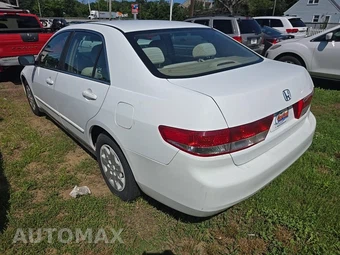 2003 Honda Accord Sedan LX - miniatura 6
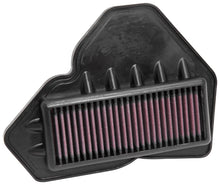 Load image into Gallery viewer, K&amp;N SU-1517 Replacement Air Filter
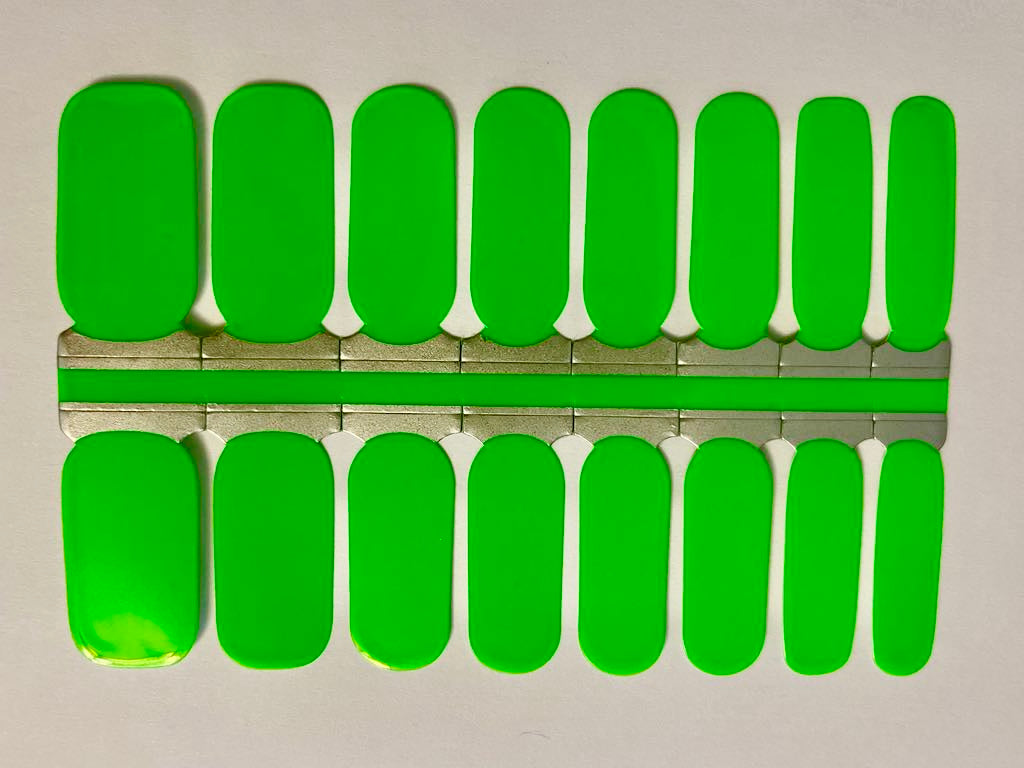 Neon Green 16er
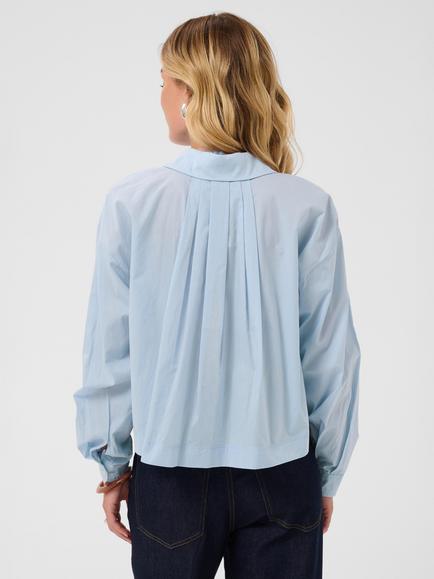 Saint Tropez Trishsz Shirt, Kentucky Blue - view 2, Kentucky Blue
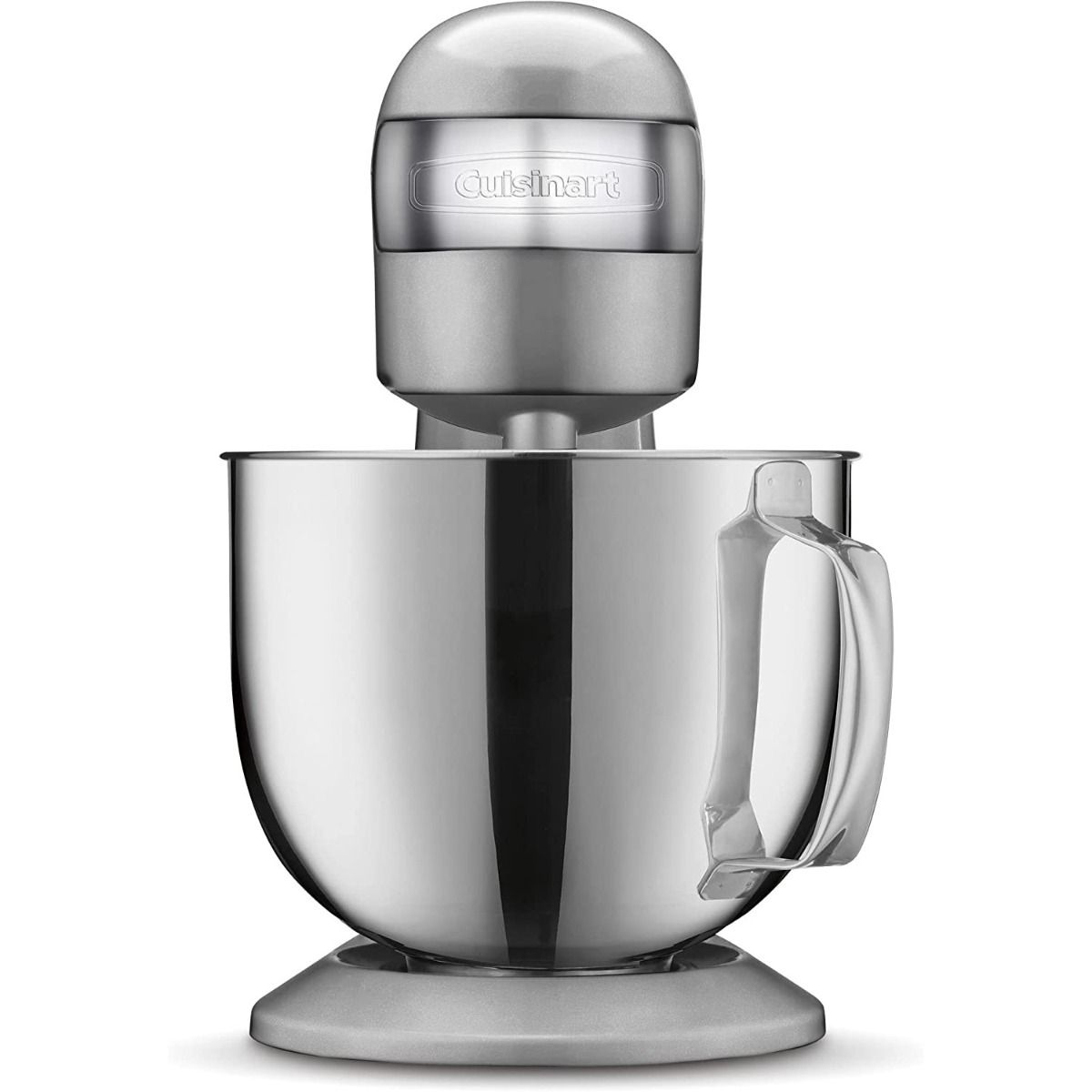  Cuisinart Precision Pro Digital 5.5-Quart Stand Mixer | Silver Lining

[Exercise directions]
Print the data again word for word, pictures excluded.

[Answer for the task]
 2003 Honda Accord Sedan LX - miniatura 6
 Load image into Gallery viewer, K&amp;N SU-1517 Replacement Air Filter
 Neon Green 16er
 Saint Tropez Trishsz Shirt, Kentucky Blue - view 2, Kentucky Blue
  Cuisinart Precision Pro Digital 5.5-Quart Stand Mixer | Silver Lining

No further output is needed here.